Helen first became interested in Norwich shawls when, after retiring from art teaching, she met Pamela Clabburn, whose family had been involved in shawl-making in Norfolk since the 19th century. With Pamela and others, in 1989 she co-founded the Costume and Textile Association to promote interest in the heritage of Norwich and Norfolk, and to encourage research into its various facets.
It was as part of that effort that she wrote The Story of the Norwich Shawl, in 2010, a book that did much to rekindle interest in a forgotten chapter in the history of the city. Appointed MBE in 2015, she remained active in the association for the rest of her life as an honorary life president.
Helen was born in Johnstone, Renfrewshire, the only child of John Hay, a printer, and Jemimah (nee Murray). From an early age she lived with her family in Chancery Lane, central London, and went to the City of London school for girls.

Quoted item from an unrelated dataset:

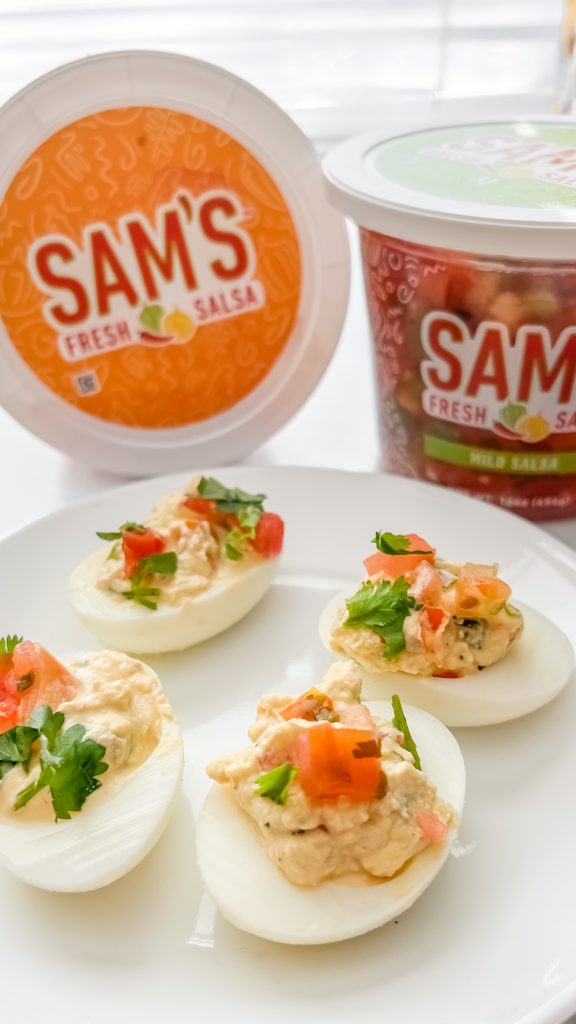 These salsa deviled eggs are a fun twist on traditional deviled eggs. Fresh pico-de-gallo-style salsa gives them some fresh flavors and a little kick!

In 1941, when she was 18, the family home was destroyed in the blitz, and she and her parents moved to Edinburgh, where she gained a diploma at Edinburgh Art School and stood out as a superb textile designer.
Afterwards her father insisted that she should train as a teacher, and so she did a two-year course at Moray House School of Education and Sport. Once she had qualified she took a job as a textile designer at the United Turkey Red company in Balloch, next to Loch Lomond.
However, after less than a year there, she became a peripatetic art teacher in Edinburgh, visiting various schools by turn. After meeting and marrying Grahame Hoyte, a tea planter, in 1951, she moved with him to Ceylon (now Sri Lanka), where they initially raised me and my brother, John.
Returning to the UK in 1957, they settled in north Norfolk, where Helen taught at North Walsham school for a year and then switched to Thorpe St Andrews comprehensive school in Norwich. During her time there she was part of a talented staff team producing musicals and plays, making her mark as a costume designer and later doing the same voluntary work for the local Claxton Opera company for more than 20 years. Her costume design portfolios are now housed in the Norfolk Archive.
After her retirement from Thorpe St Andrews in 1985, aside from her book on Norwich shawls, Helen also wrote and illustrated The Strangers of Norwich (2017), about the Dutch and Walloon weavers who helped to revive Norwich’s textile industry when they moved to the city in the Elizabethan era.
Her marriage to Grahame ended in divorce in 1976. She is survived by John and me.